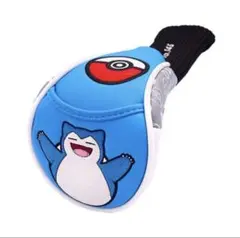 ポケモン ヘッドカバー ドライバー用 カビゴン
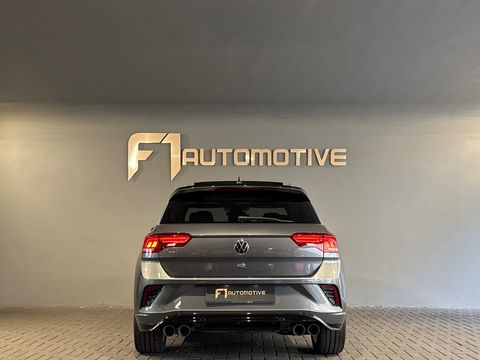 Volkswagen T-Roc 2.0 TSI 4Motion R Pano|Akra|Beats|Keyless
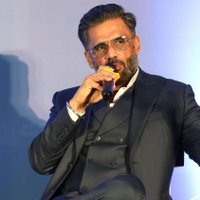 Suniel Shetty's Sena(@ShettySena) 's Twitter Profile Photo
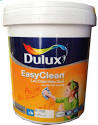 Sơn dulux lau chùi hiệu quả  giá rẻ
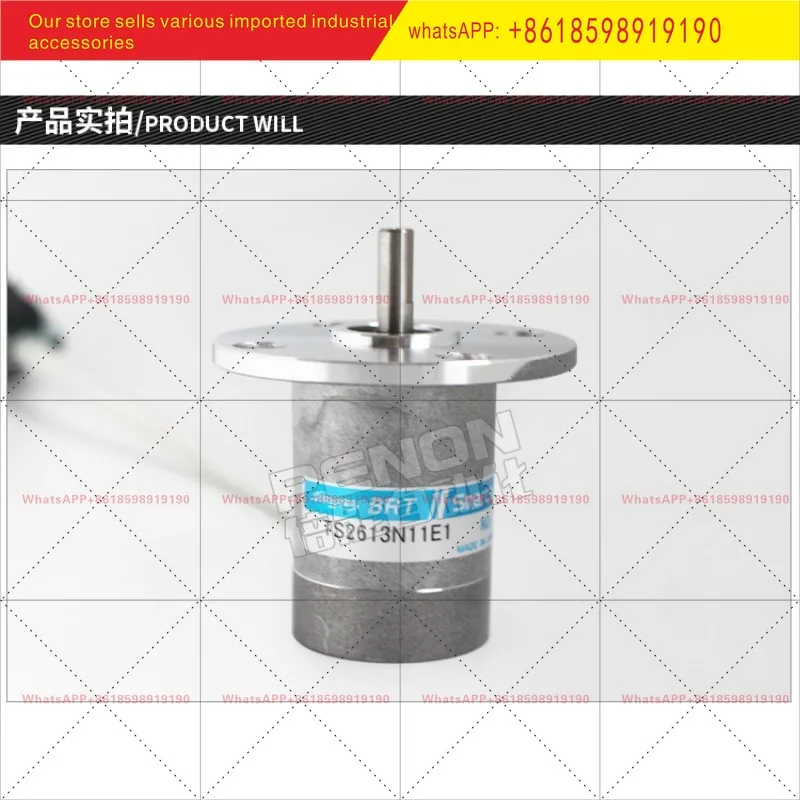 Encoder TS2613N11E1 new original genuine 1pcs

════

→ PROBLEM STATEMENT
Would you print the listing above in full, exactly, but with no pictures?

→ RESULT FOR THIS TASK
 ポケモン ヘッドカバー ドライバー用 カビゴン
 Volkswagen T-Roc 2.0 TSI 4Motion R Pano|Akra|Beats|Keyless
 Suniel Shetty's Sena(@ShettySena) 's Twitter Profile Photo
 Sơn dulux lau chùi hiệu quả  giá rẻ
 Encoder TS2613N11E1 new original genuine 1pcs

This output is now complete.